## Problem statement:
Could you transcribe exactly the lines from the one containing "Prada tessuto catena" through the end of the listing below, both included, but none of the pictures?

━━━━━━

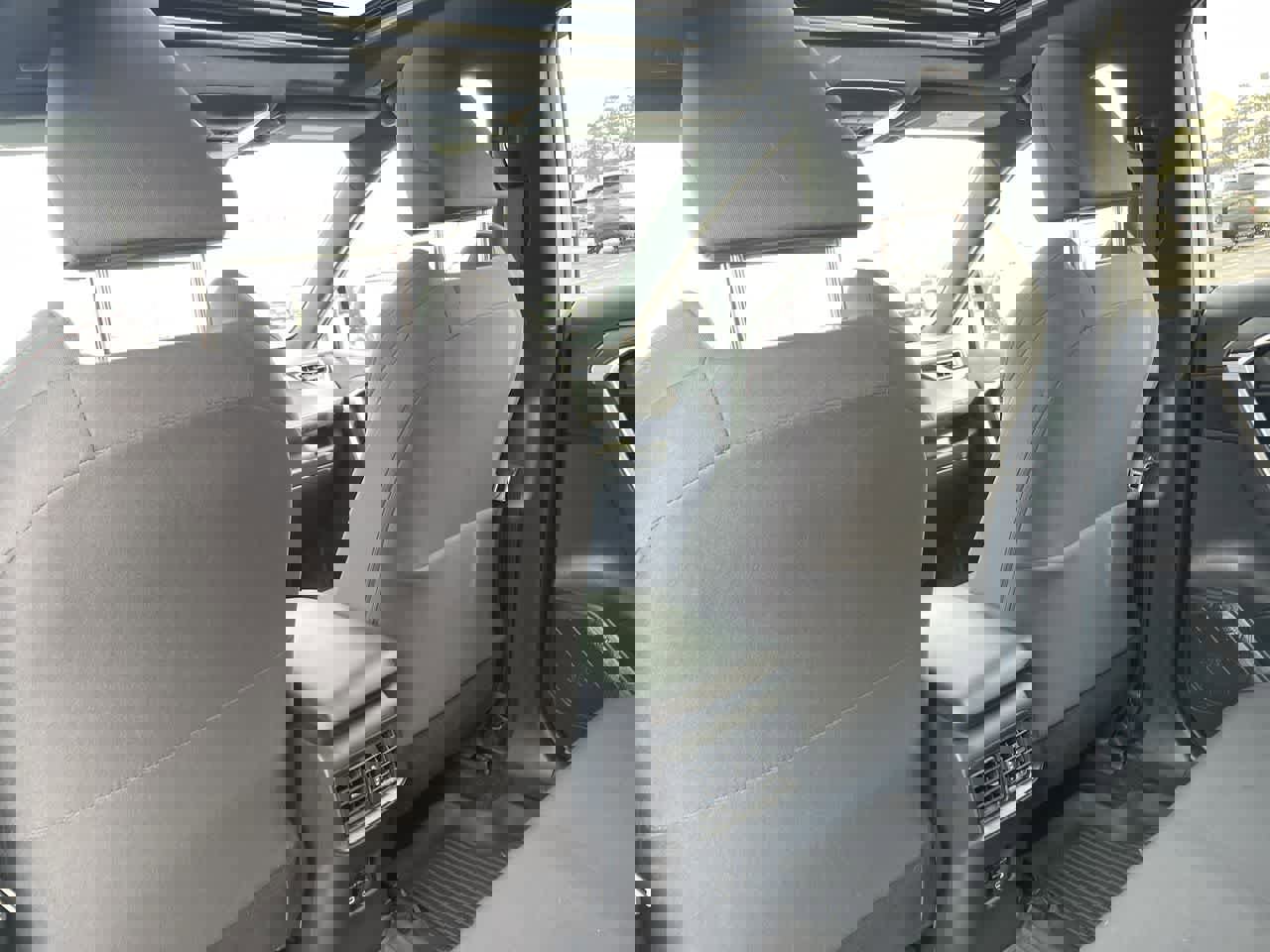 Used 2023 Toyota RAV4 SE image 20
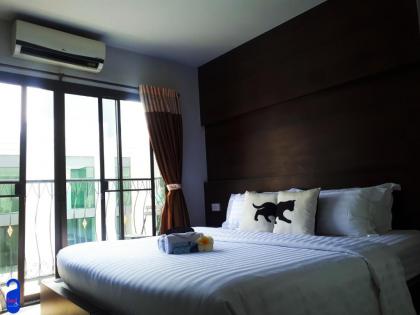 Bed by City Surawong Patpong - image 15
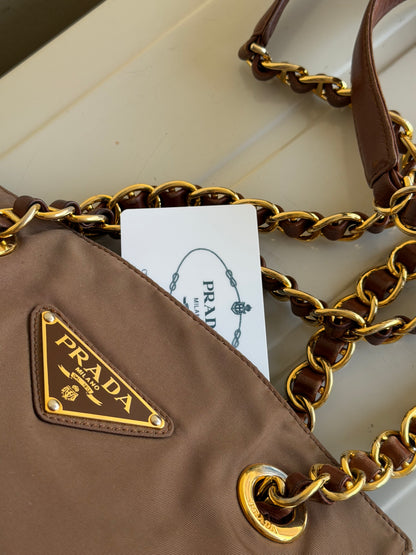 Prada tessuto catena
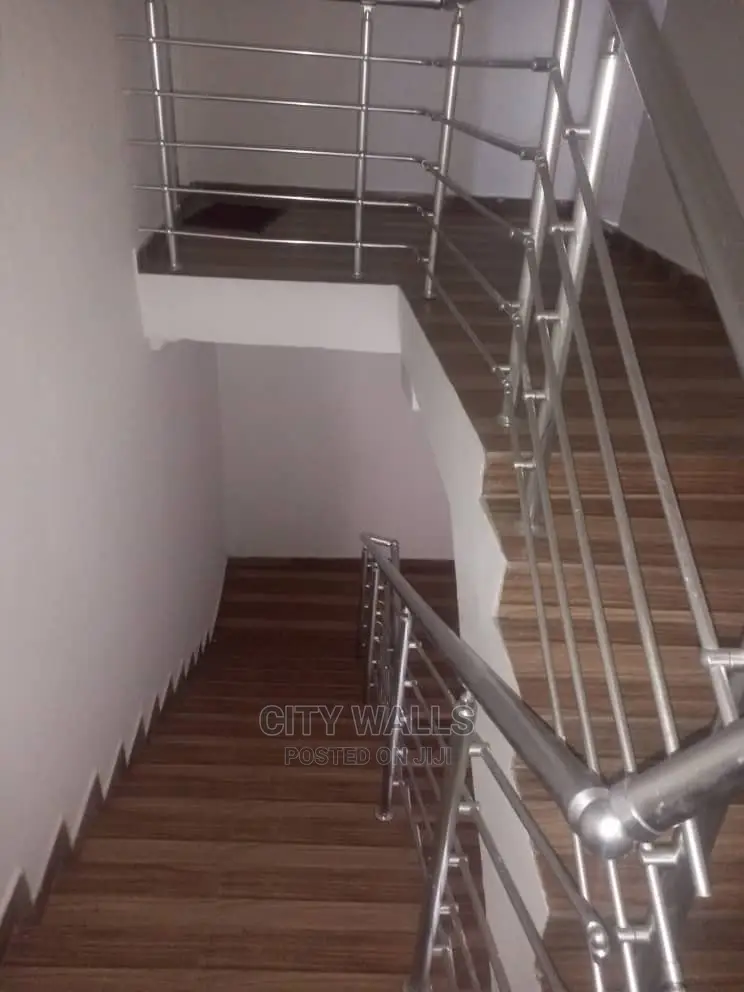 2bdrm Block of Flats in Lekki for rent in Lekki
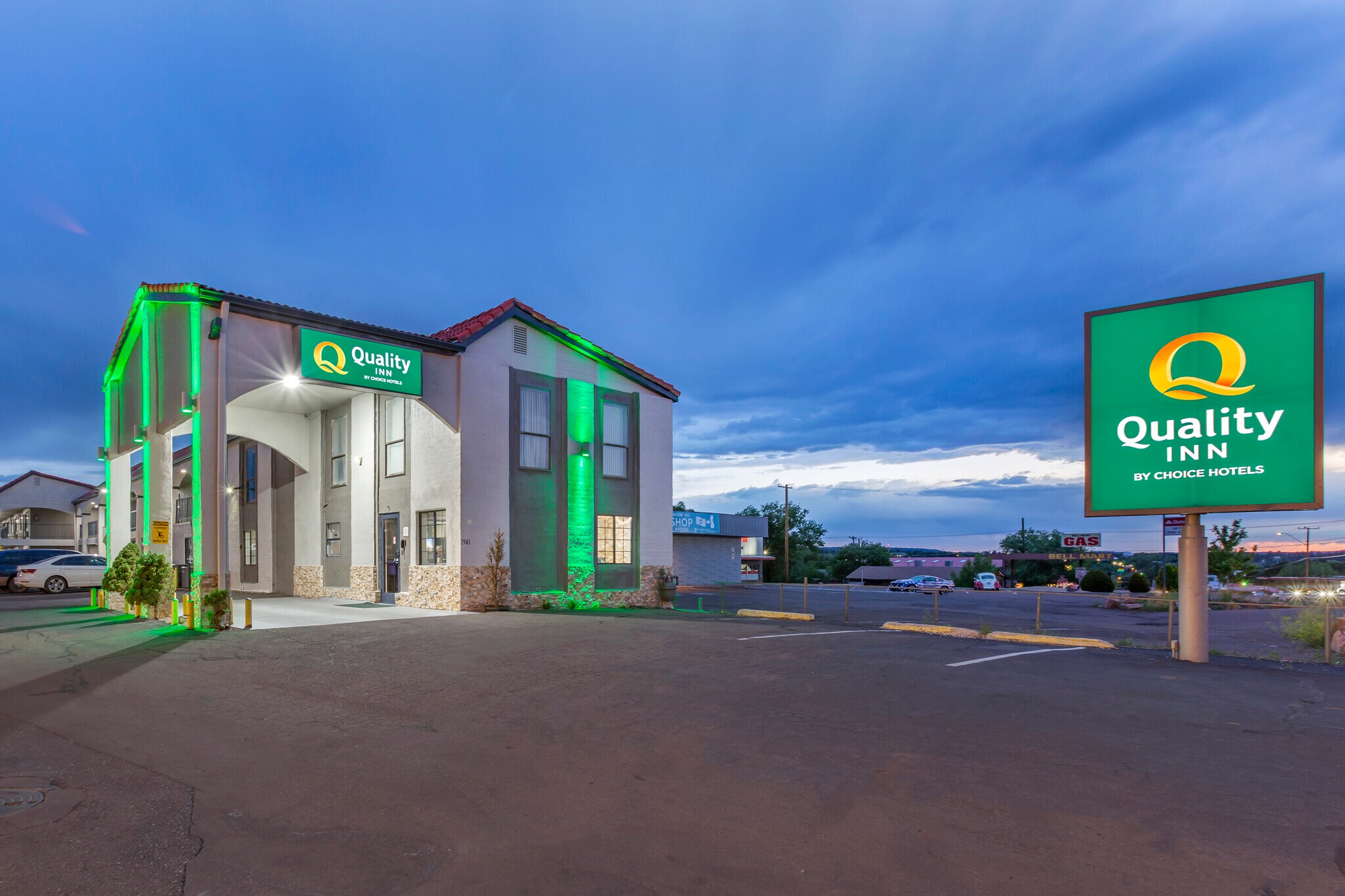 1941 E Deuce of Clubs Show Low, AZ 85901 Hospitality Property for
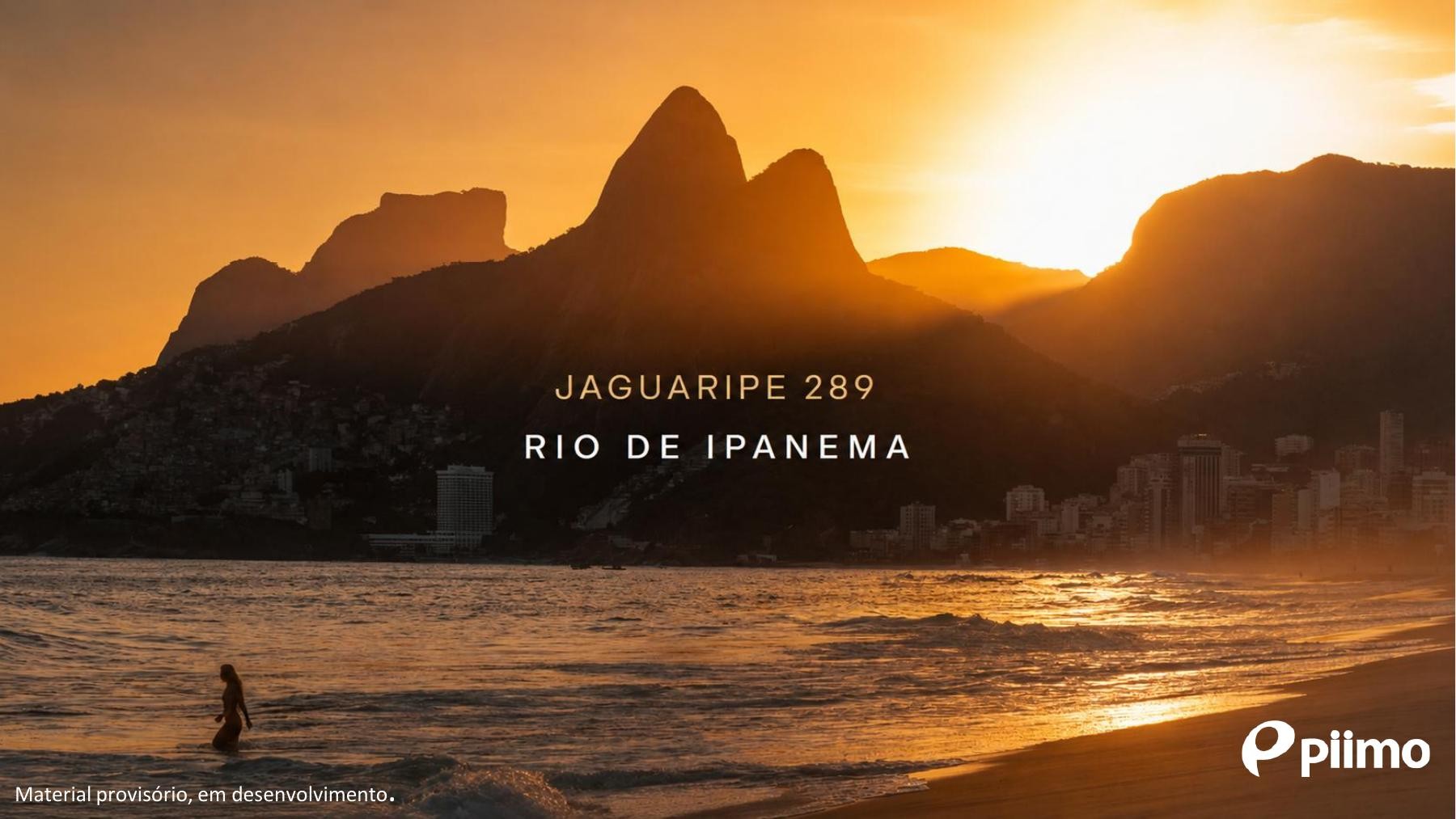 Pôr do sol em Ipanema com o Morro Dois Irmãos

━━━━━━

## Task answer:
 Prada tessuto catena
 2bdrm Block of Flats in Lekki for rent in Lekki
 1941 E Deuce of Clubs Show Low, AZ 85901 Hospitality Property for
 Pôr do sol em Ipanema com o Morro Dois Irmãos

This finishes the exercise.